Pradyumn (Sanskrit: प्रध्युम्न)
Vyuha avatar of Vishnu
Krishna and Pradyumna battle the demon Nikumbha who assumes the form of bird
Born Dvārakā
Wife daughter of Bhimkaraya
Issue Aniruddha
Royal family Yadava
Father Sri Krishna
Mother Rukmini

Pradyumna (Sanskrit: प्रध्युम्न) is the name of a character in the Srimad Bhagavatam. He was the son of Lord Krishna and Rukmini. Pradyumna is considered as one of the four vyuha avatar of Vishnu. When he was a baby he was abducted by the demon Sambara. He was then cast into the sea and swallowed by a fish, but that fish was caught and carried to the house of Sambara. The fish was opened and the child was found inside. He was given to a woman in Sambara's house to raise. Narada informed her about the true identity of the child. When Pradyumna grew up, he battled the demon Sambara, defeated him. Pradyumna was later killed in a brawl in his father's court at Dwaraka. According to some accounts, Pradyumna was an incarnation of Kama, the god of love.
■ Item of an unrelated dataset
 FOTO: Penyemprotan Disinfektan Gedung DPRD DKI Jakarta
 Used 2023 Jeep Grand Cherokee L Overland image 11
Pradyumna was son of Lord Krishna and 61st grandson of Adinarayan. His mother was Rukmini, whom Lord Krishna got from her father Bhimkashen Narayan. He was the version of God Kamdev. In the Treta Yuga, Kamdev was burnt by Shiva when he became a barrier to Shiva's meditation. Shiva blessed Kamdev's distraught wife, Rati and promised her that in his next birth Kamdev will be a part of Krishna and Rati will be the daughter of Bhimkaraya and that she will marry him.

Pradyumna is also a name of the Hindu god Vishnu. He is one in 24 Keshava Namas (names), praised in all pujas. It is also the only name in Sanskrit with all the 3 letters joint (referred as जोडाक्षर)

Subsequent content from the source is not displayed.